4 «Выше голову, милый. Я ждать не устану. Моя совесть чиста, хоть одежды в пыли. Надо мной раскаленный шатер Казахстана, бесконечная степь золотится вдали...» (из песни женщин АЛЖИРа).
Через два месяца молодые бойцы закончили обучение и, приняв присягу, ехали через всю страну на фронт, который стремительно откатывался на запад. Из Одессы он пишет: «Вот уже месяц, как я в пути <... > Победа наша над немцами близка, безусловно недалек день и нашей встречи. А пока будем делать все для победы. Обнимаю крепко, крепко» (10 марта 1945 г.). «Видел я, что сделали немцы на нашей земле, видел страшные разрушения, которые они произвели в городах и селах Советской Украины. За все это мы отомстим немцам сполна» (16 марта 1945 г.). 20-летний ефрейтор Вар-лен Рябоконь попал в 40-й гвардейский минометный дивизион, в разведку. Воевал на «Катюшах» — легендарных реактивных установках: «Не дай бог кому споет!» В письмах он с удовлетворением сообщает: «Пригодилась мне моя специальность, которую я получил, работая в геодезическом отряде последние 2 года» (16 марта 1945 г.). Теперь обратный адрес на его письмах — солдатских «треугольниках» — не менялся: полевая почта № 29536—В. Он слал родным свой «боевой гвардейский привет» из Румынии, Венгрии и Чехословакии. Из небольшого австрийского городка перед боем за освобождение Брно он писал: «Времени осталось немного — скоро в путь. Мимо нас с грохотом проносятся танки. Они спешат на запад, туда, где победа. А она заметна во всем, и в настроении, и в делах наших солдат, и в бесплодных потугах немцев задержать свою гибель. Сегодня нас попытался атаковать на марше немецкий «Мессершмидт». Наши зенитчики с первых же выстрелов подожгли стервятника...» (16 апреля 1945 г.). «Сегодня нам сообщили о капитуляции гарнизона Берлина, о смерти Гитлера, о взятии многих германских городов... На нашем фронте немцы еще сопротивляются, как обреченные. Каждый клочок земли приходится брать с боем» (2 мая 1945 г.).
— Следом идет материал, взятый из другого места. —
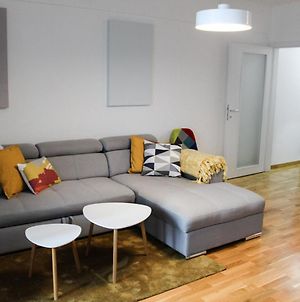 Bright, Modern & Cozy Apartment photos Exterior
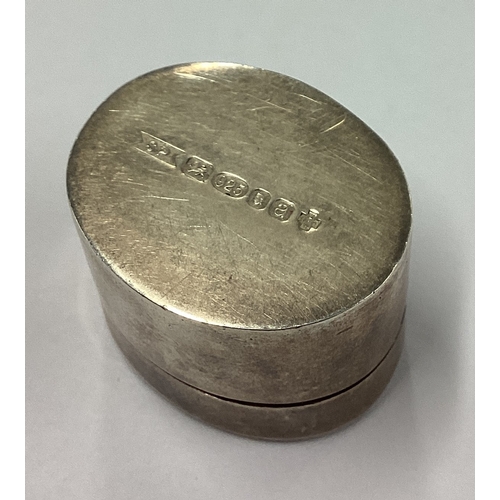 181 - A modern silver pill box with lift-off cover. London 2000. Approx. 33 grams. Est. £30 - £50.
В Чехословакии он услышал весть о Победе: «Трудно сказать, что я почувствовал. Хотелось смеяться и плакать, кричать и стрелять в воздух. Мы дали три залпа. Радость, гордость, счастье — все смешалось и наполнило сердце и разум до краев. Всю ночь мы не спали. А утром получили приказ: «Вперед, на Прагу!». Казалось, все приветствует нас: и леса, и поля, и холмы. Наконец показались первые города и села. Все жители, от мала до велика, высыпали на улицы. Несмолкаемое «Наздар!»5 неслось со всех сторон». В столице их встречали восторженно: «Такого радостного приема мы не могли себе даже вообразить. Нам подносят вино и так трясут за руки, что кажется, они вот-вот оторвутся <... >» (11 мая 1945 г.). «А побывать в Москве мне бы сейчас очень хотелось. Три столицы проехал, а Москва всех лучше и всегда к себе тянет. А я ведь совсем плохо родной город свой знаю. И те улицы, по которым ходил, и те дома, в которых жил, помнятся совсем смутно. Ну, ничего, будет время, посмотрим, вспомним. А пока послужим Советскому Союзу» (17 мая 1945 г.).
Но конец войны не означал конца разлуки. Войскам Забайкальского фронта предстоял разгром японской Квантунской армии. В составе 7-го механизированного корпуса 6-й гвардейской танковой армии ефрейтор В.Рябоконь ехал на восток. «Итак, снова родная земля! Пересекаю из края в край Россию. Запад, далекий теперь Запад остался позади» (28 июня 1945 г.); «Скоро мое изучение географии Советского Союза и западных стран можно будет считать законченным» (1 июля 1945 г.).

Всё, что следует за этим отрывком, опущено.